The lead frame conductor means 4 is stamped or etched and made from a single piece of sheet metal, whereby the central portion 15 of the main conductor and the main portion of the magnetic field detector conductor 16 are substantially aligned and extend in the same main plane and have substantially the same thickness corresponding to the thickness of the sheet metal forming the conductor means. The connection end 17 of the main conductor 14 and the connection end 19 of the magnetic field detector conductor 16 may be bent out of the main plane to provide terminals for connection to an external circuit, in particular for connection to contact pads of an external circuit board.

The magnetic field detector conductor 16 comprises a plurality of conductors each comprising a connection end 19 for connection to an external circuit and a sensing element connection tab 21 in the main plane of the lead frame for connection to the magnetic field detector 8. The magnetic field detector conductor includes at least one pair of power supply terminals (e.g., one for power supply voltage Vc and the other for ground GND) and at least one signal output terminal Vout. The magnetic field detector conductor may further comprise a reference terminal Vref, a ground terminal and optionally a supplementary signal output terminal (e.g. for the over-current detection signal OCD).

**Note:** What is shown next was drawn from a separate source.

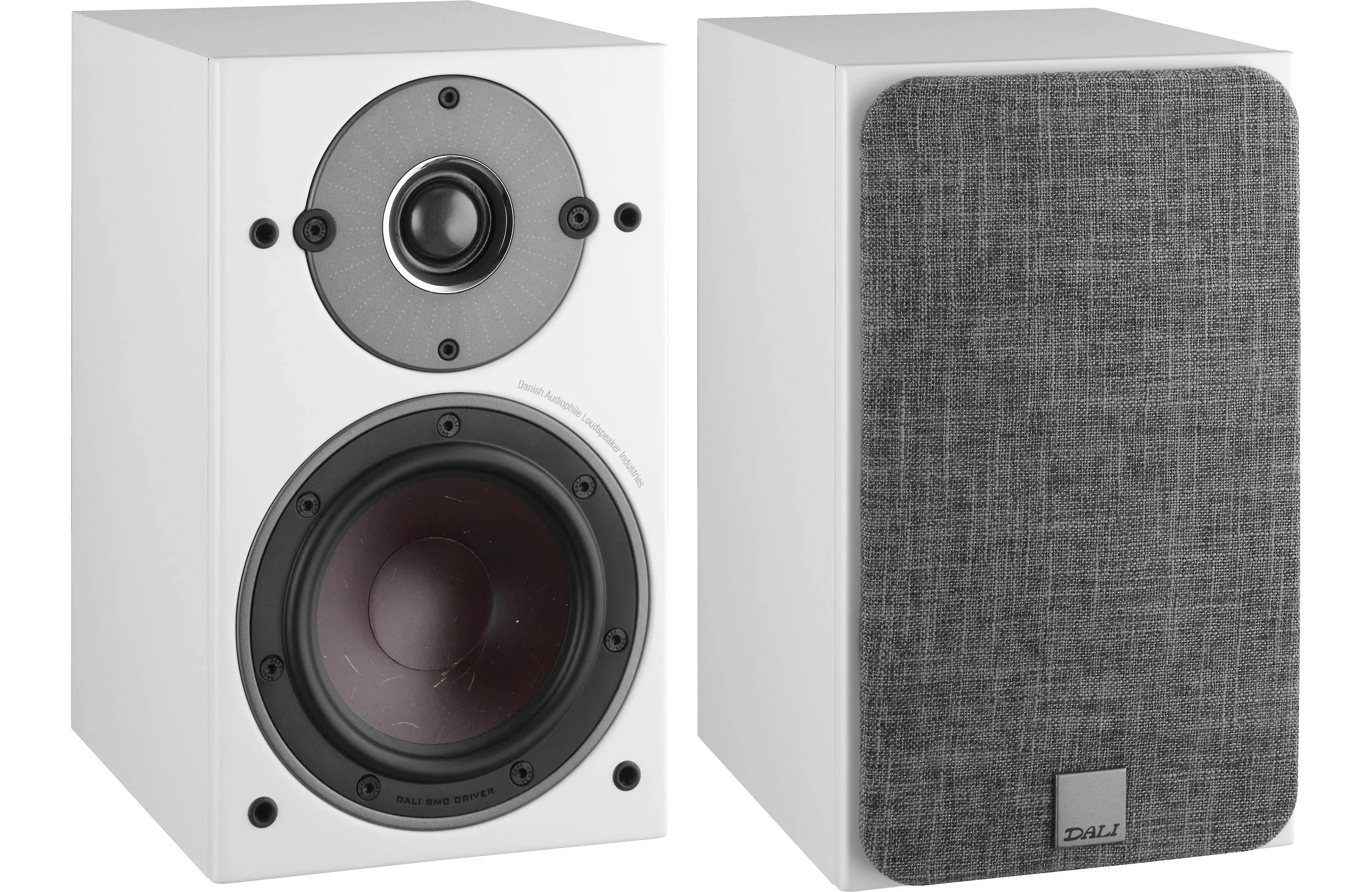 Dali Oberon 1 Ultra Compact Bookshelf Loudspeaker (Pair)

The connection pads 21 may be provided in different shapes, surface areas and locations in order to optimally connect to the sensing unit 26. The magnetic field detector 8 comprises a sensing unit 26 and connection means, for example in the form of bond wires 27. In the embodiment shown, the connection piece 21 is connected to the magnetic field detector by a bonding wire connection 27. However, other interconnection means known per se in the art may be provided between the sensing unit 26 and the connection piece 21 of the lead frame conductor arrangement 4. For example, the interconnection means may comprise a so-called "flip chip" connection arrangement between the semiconductor substrate and the metal contact pads, so that, for example, solder balls interconnect the connection areas on the sensing elements 26 with the connection pads 21 of the lead frame conductor means 4.

In a preferred embodiment, the sensing unit 26 may be in the form of a hall sensor, per se well known in the art of current sensors, formed in a semiconductor substrate (e.g., a silicon substrate). However, other sensing unit technologies, such as fluxgate type magnetic field detectors or giant magnetoresistance type magnetic field sensors, may also be employed in the present invention. A hall sensor formed in a substantially planar semiconductor substrate is advantageous in view of its low cost, compactness and robustness.

The sensing unit 26 may also be an arrangement of more than one semiconductor chip, for example a high-sensitivity hall chip provided adjacent to the signal processing chip.

The magnetic field detector conductor 16 and the main conductor central portion 15 are advantageously in the same plane (main plane) or substantially the same plane and are held together by an inner overmolded portion 20 of the insulator 10.

In the embodiment shown in fig. 2a to 3c, the inner overmoulded part 20 of the insulator 10 is overmoulded on some parts of the secondary conductor of the lead frame conductor arrangement 4, while the connecting piece 21 of the magnetic field detector conductor 16 is exposed. The inner overmolded portion 20 and the lead frame conductor means 4 present a substantially planar mounting surface with respect to the connecting tabs 21 of the magnetic field detector conductors 16.

In one embodiment, as shown for example in fig. 2a to 3c, the sensing unit 26 is mounted on the bottom side of the leadframe device, facing the mounting plane of the conductor connection ends 17, 19.

The inner overmold portion 20 is overmolded around the central portion 15 of the primary conductor 14. The inner overmolded portion 20 provides a dielectric insulation layer between the magnetic core and the main conductor and optionally also provides a positioning guide between the main conductor and the central passage of the magnetic core, also ensuring correct positioning of the sensing unit 26 in the magnetic circuit gap 22.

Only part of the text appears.